The answer is $k = 2.$ Remark that since $2^{m}-1 \mid 2^{n}-1$ when $m \mid n,$ it follows that all of $\{x_1, \dots, x_k \}$ must be prime. Now, assume we had three primes $a, 2a+1, 4a+3$ such that $2^{a}-1, 2^{2a+1}-1$, and $2^{4a+3}-1$ are all prime. Claim: $4a+3 \mid 2^{2a+1}-1.$ We have \[ \left( \frac{2}{4a+3} \right) = (-1)^{1/8 ((4a+3)^2-1)} = (-1)^{(2a+1)(a+1)} = 1 \]if $a$ is an odd prime.
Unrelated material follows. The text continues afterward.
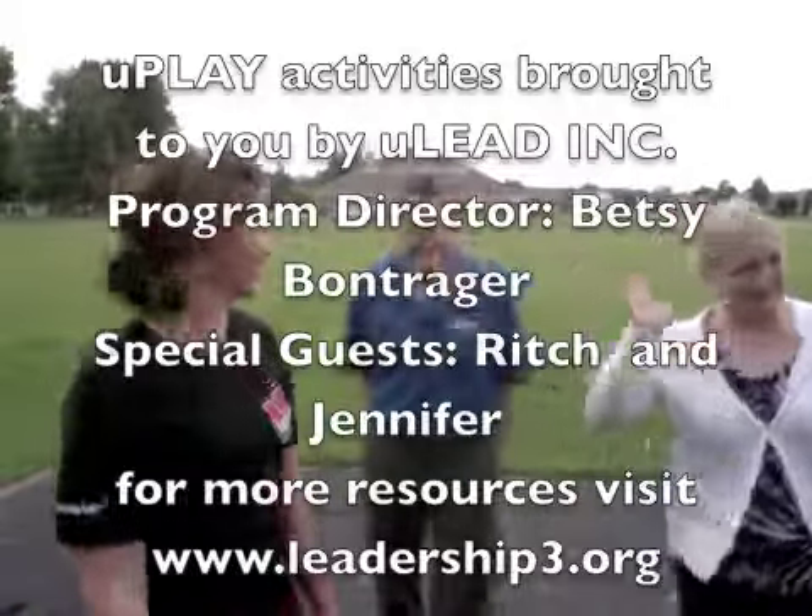Thanks for joining us here at ULEAD World Headquarters. We'll see you next time. Bye!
If $a = 2,$ then $y_1 = 2^2-1 = 3, y_2 = 2^5-1 = 31$ and $y_3 = 2^11-1 = 2047,$ which is not prime. Hence, as we also have \[ \left( \frac{2}{4a+3} \right) = 2^{2a+1} \equiv 1 \pmod{4a+3} \]under the assumption that $4a+3$ is prime, we thus have $4a+3 \mid 2^{2a+1}-1.$ Hence, it is impossible to have three primes $a, 2a+1,$ and $4a+3$ such that all of $2^{a}-1, 2^{2a+1}-1,$ and $2^{4a+3}-1$ are prime, meaning we can have at most $k=2,$ which holds by taking $a=2.$

The answer is $k=2$. For construction, take $a=2$. Now suppose $k \geq 3$. I will show one of the first three terms is composite. Assume for the sake of contradiction that $a, 2a+1, 4a+3$ are all primes. Assume that $a$ is odd; $a=2$ can be quickly checked. Now note that $4a+3 \equiv -1 \pmod 8$, thus $\left(\frac 2{4a+3}\right) = 1$ and thus $4a+3 \mid 2^{x_2} - 1 = 4a+3$ as by assumption $2^{x_2} - 1$ is prime. But this obviously impossible for size reasons.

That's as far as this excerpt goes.